You become the bottleneck. Decisions wait for you. Reviews wait for you. Questions wait for you. The team learns that the fastest way to get something done is to route it through you, which means nothing moves when you’re in meetings, on holiday, or simply overwhelmed.
Your team doesn’t grow. Every task you hold onto is a development opportunity you’re denying someone else. The engineer who could have learned to make architectural decisions doesn’t get the chance because you’re still making them. The team lead who could have owned the relationship with product doesn’t develop that skill because you’re still in every meeting.
Your new job suffers. The strategic work, the people development, the stakeholder management, these are the things that only you can do in your new role, and they’re the first things to slip when you’re spending half your time on your old responsibilities. The irony is that the work you’re holding onto is work someone else could do, while the work you’re neglecting is work nobody else can do.

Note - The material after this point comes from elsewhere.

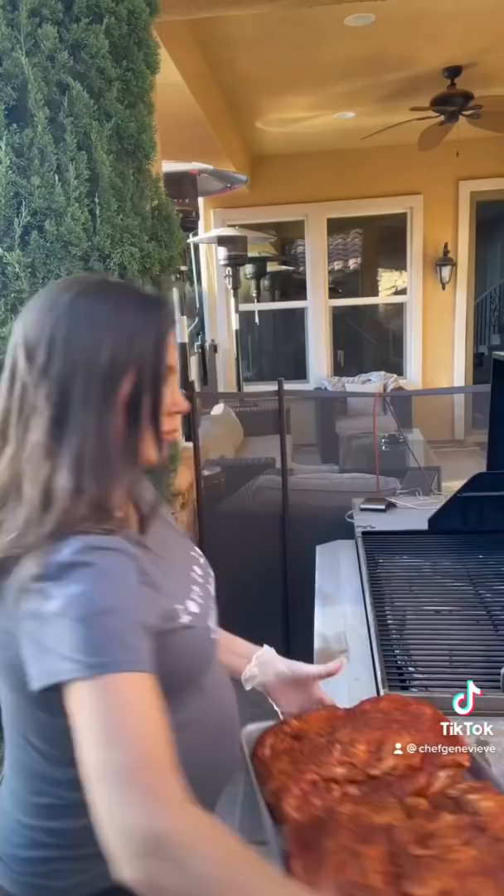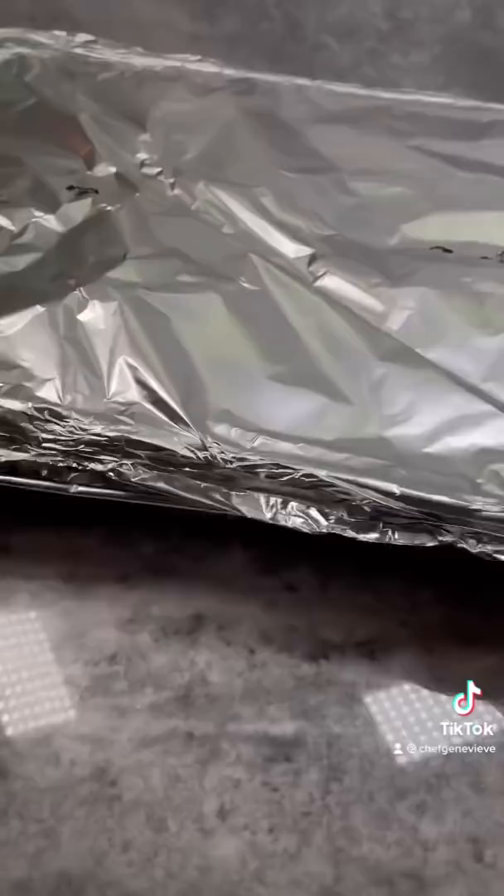Prep your smoker and set to 250 degrees and place your pork directly on the rack. Insert your meat thermometer in the thickest part and smoke until an internal temperature of 165 has been reached.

You burn out. Two jobs means two jobs’ worth of cognitive load, context-switching, and emotional labour. It’s not sustainable, and the quality of both roles degrades as your energy depletes.
Making the Clean Break
The transition doesn’t happen overnight, but it needs to happen deliberately. Here’s what’s worked for me:
Name a successor explicitly. Don’t just drift away from your old responsibilities, hand them to a specific person with a clear timeline. “You’re taking over the technical architecture decisions for this system. For the next two weeks, I’ll be available to consult, but the decisions are yours.”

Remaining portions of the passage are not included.